# DATA SHOWN:
··········

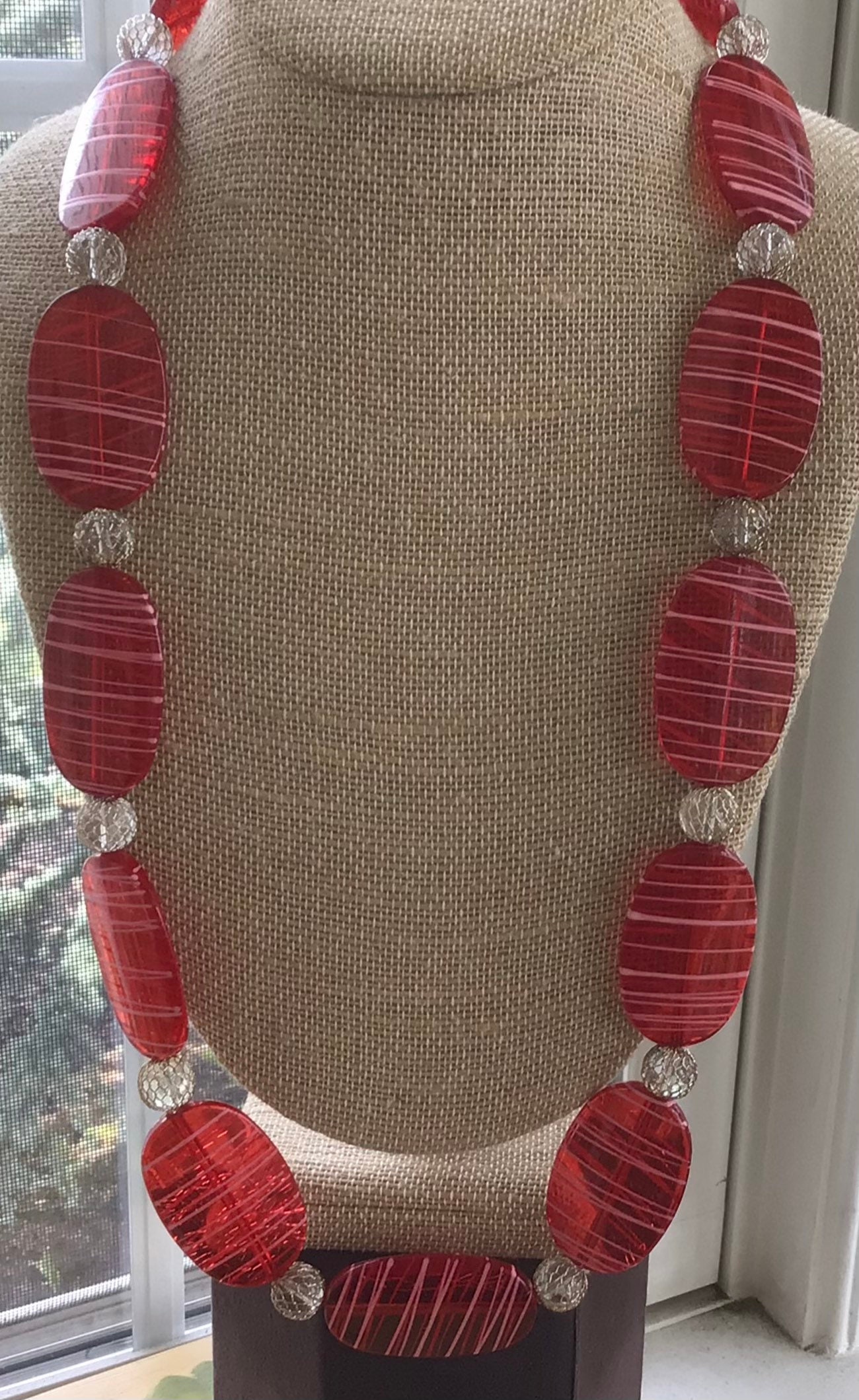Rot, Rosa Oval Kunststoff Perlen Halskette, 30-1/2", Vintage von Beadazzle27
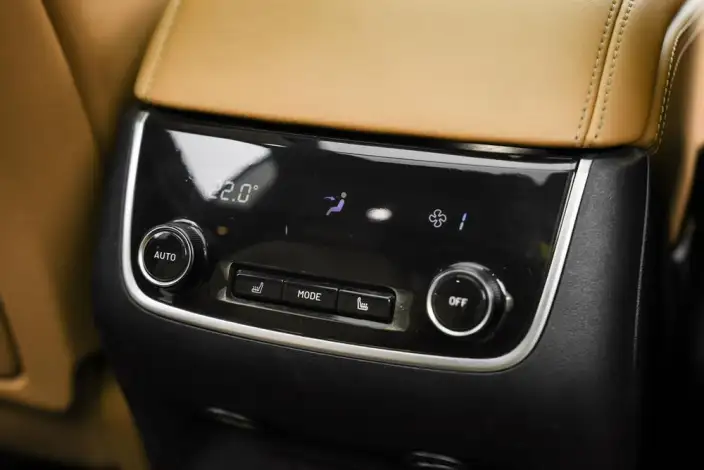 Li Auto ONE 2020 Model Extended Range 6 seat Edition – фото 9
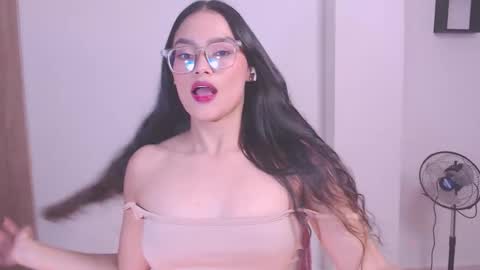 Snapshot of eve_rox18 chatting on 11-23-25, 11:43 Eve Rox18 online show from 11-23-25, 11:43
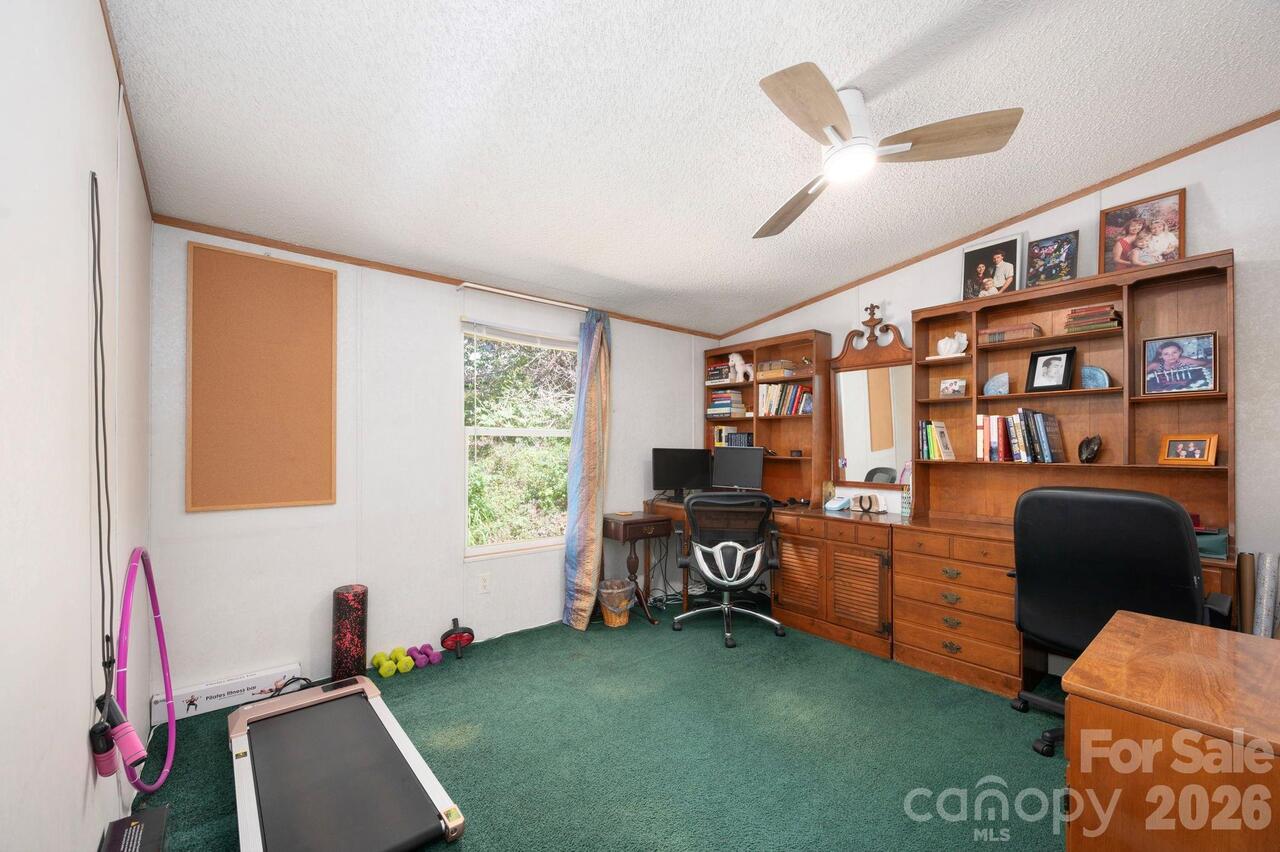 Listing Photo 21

··········

# ACTIVITY:
Please restate the material word for word; the pictures stay out.

# SOLUTION FOR THIS EXERCISE:
Rot, Rosa Oval Kunststoff Perlen Halskette, 30-1/2", Vintage von Beadazzle27
 Li Auto ONE 2020 Model Extended Range 6 seat Edition – фото 9
 Snapshot of eve_rox18 chatting on 11-23-25, 11:43 Eve Rox18 online show from 11-23-25, 11:43
 Listing Photo 21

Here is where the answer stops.